TASK INSTRUCTIONS: Could you repeat exactly the lines below, from the line containing "Mercedes-Benz GLC 300" through the last one, both included, while leaving out any pictures?

(Stored items from a collection)
--------

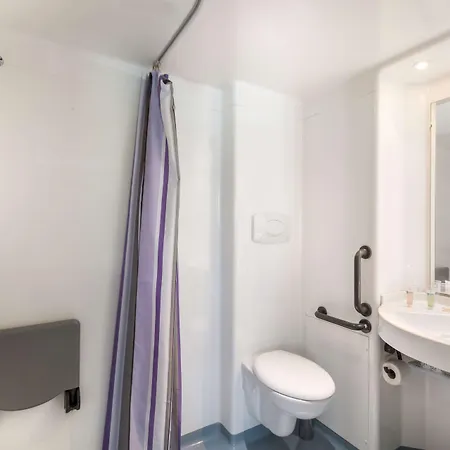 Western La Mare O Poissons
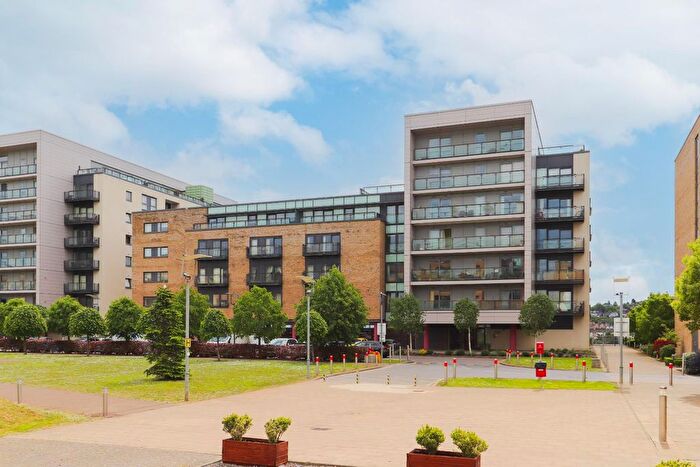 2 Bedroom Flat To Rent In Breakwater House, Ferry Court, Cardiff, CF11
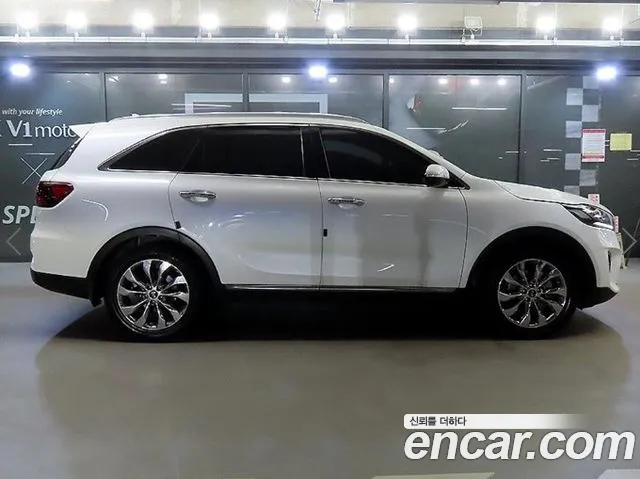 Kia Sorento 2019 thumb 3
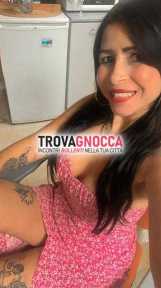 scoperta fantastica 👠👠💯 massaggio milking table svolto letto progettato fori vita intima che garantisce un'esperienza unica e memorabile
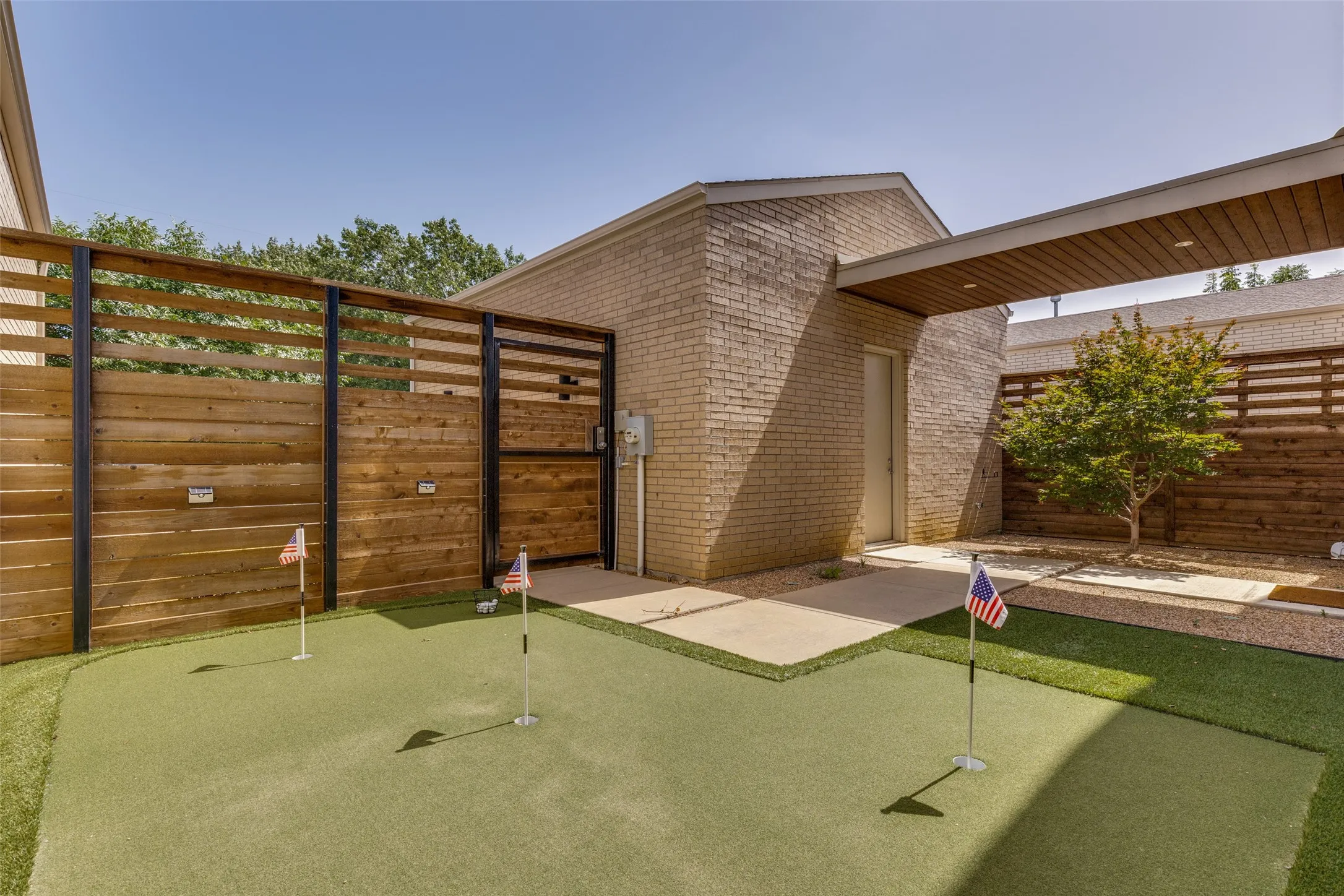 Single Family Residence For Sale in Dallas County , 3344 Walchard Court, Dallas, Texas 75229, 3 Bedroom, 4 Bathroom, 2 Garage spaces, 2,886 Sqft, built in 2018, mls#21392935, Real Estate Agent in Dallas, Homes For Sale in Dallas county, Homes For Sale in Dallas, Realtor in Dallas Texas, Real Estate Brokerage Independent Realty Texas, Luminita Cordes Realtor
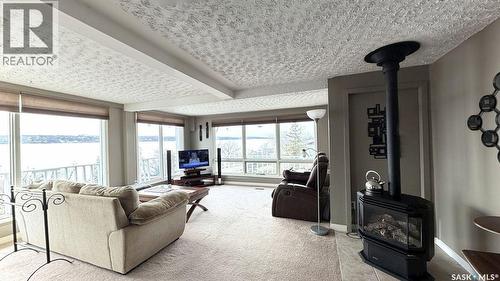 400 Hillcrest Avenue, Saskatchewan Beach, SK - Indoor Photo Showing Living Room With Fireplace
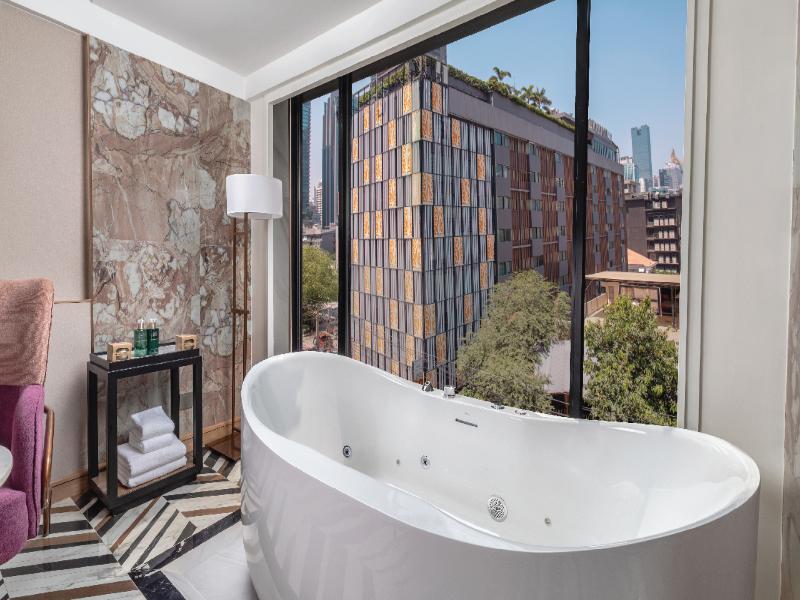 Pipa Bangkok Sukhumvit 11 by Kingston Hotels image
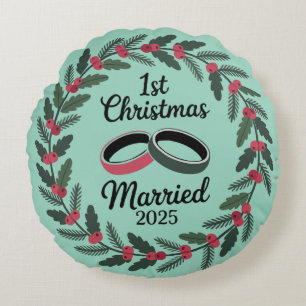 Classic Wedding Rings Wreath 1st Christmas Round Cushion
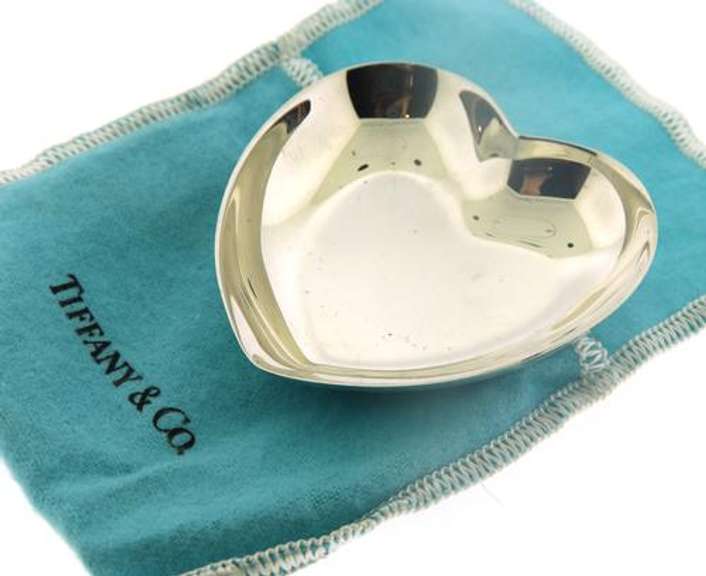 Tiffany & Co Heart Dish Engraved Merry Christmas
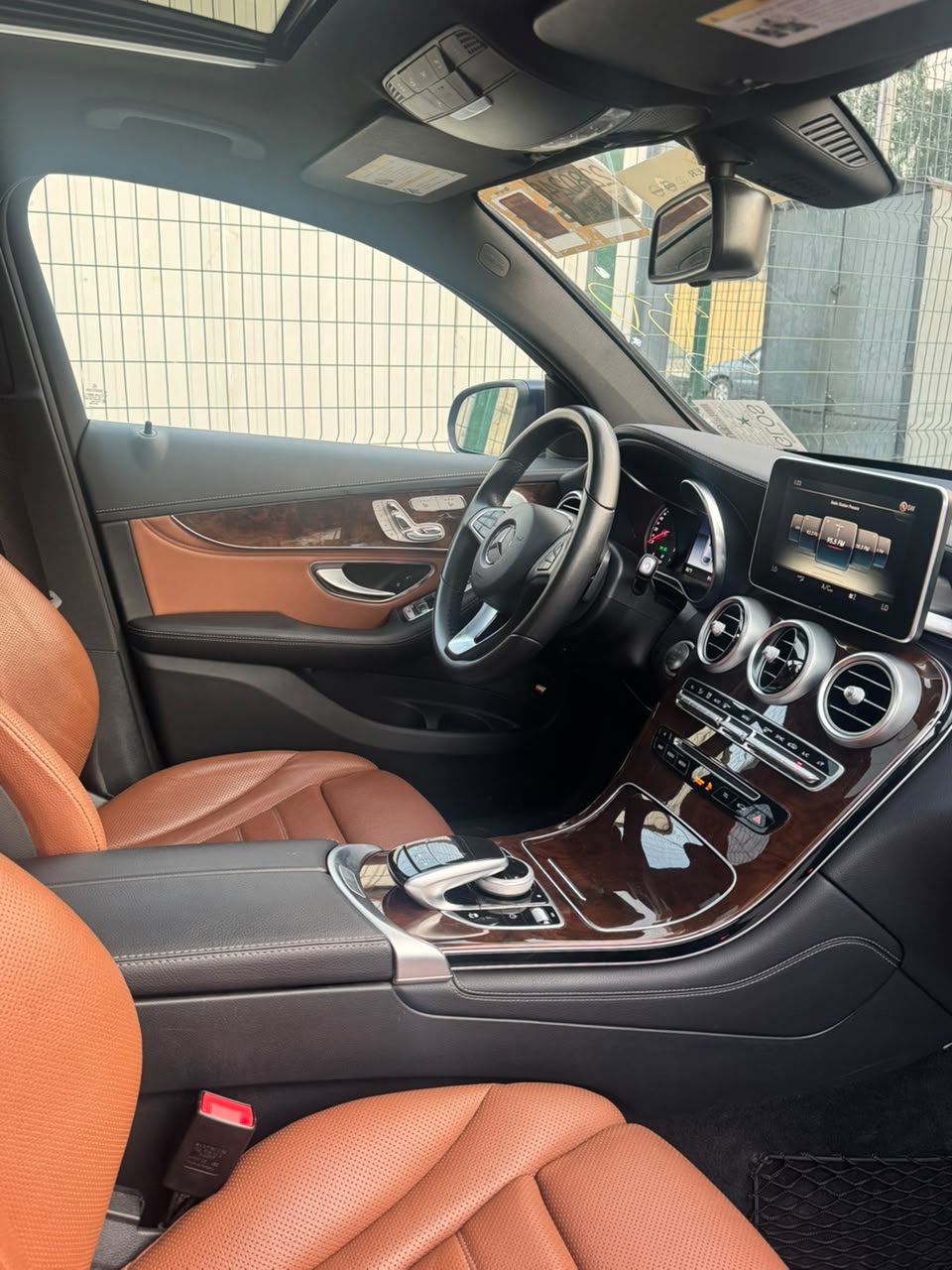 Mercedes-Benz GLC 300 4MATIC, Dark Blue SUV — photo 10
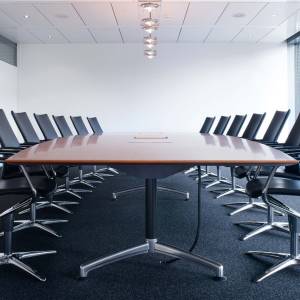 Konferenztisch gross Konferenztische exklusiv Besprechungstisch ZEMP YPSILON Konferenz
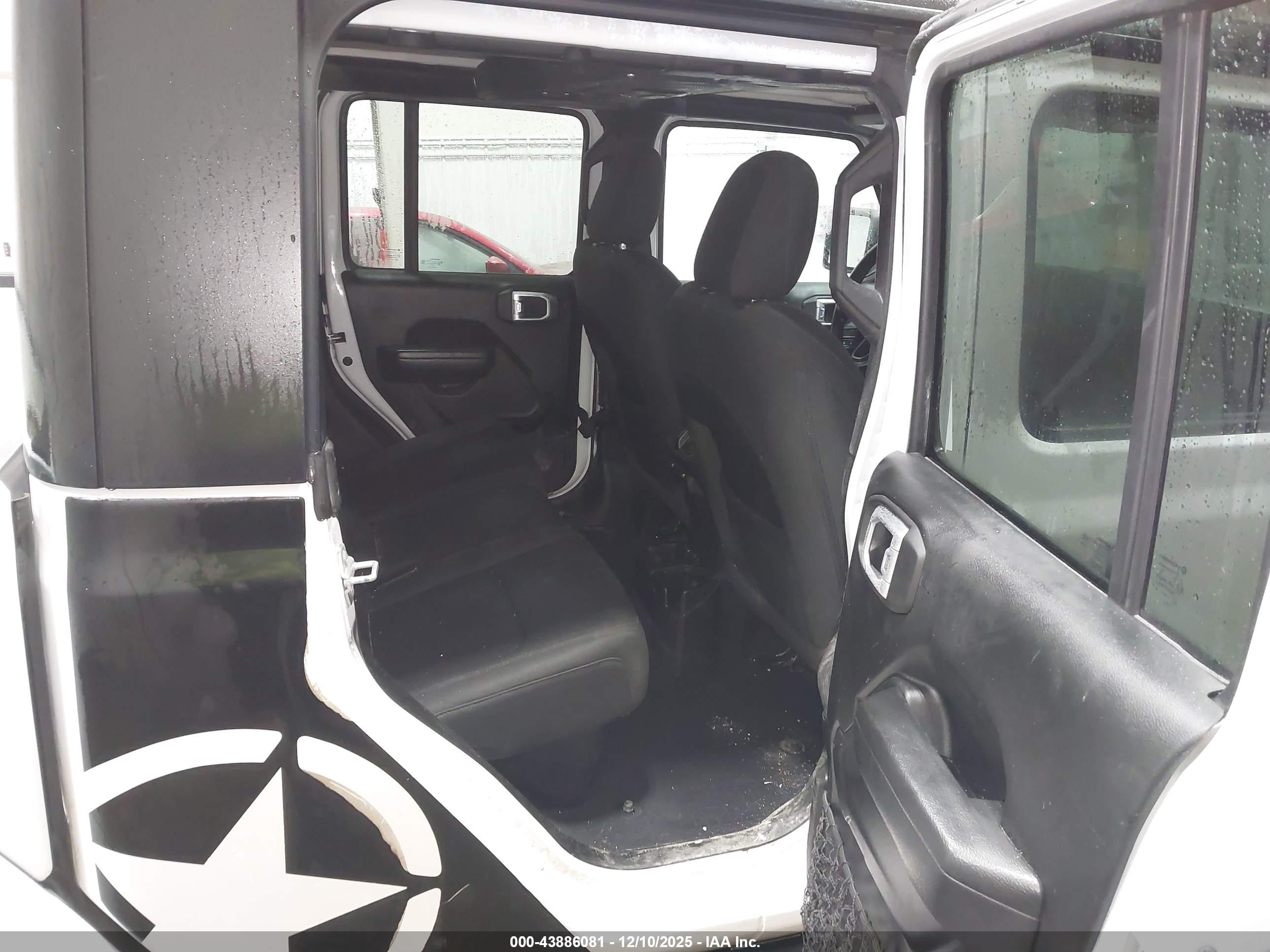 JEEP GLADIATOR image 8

--------

EXPECTED ANSWER:
 Mercedes-Benz GLC 300 4MATIC, Dark Blue SUV — photo 10
 Konferenztisch gross Konferenztische exklusiv Besprechungstisch ZEMP YPSILON Konferenz
 JEEP GLADIATOR image 8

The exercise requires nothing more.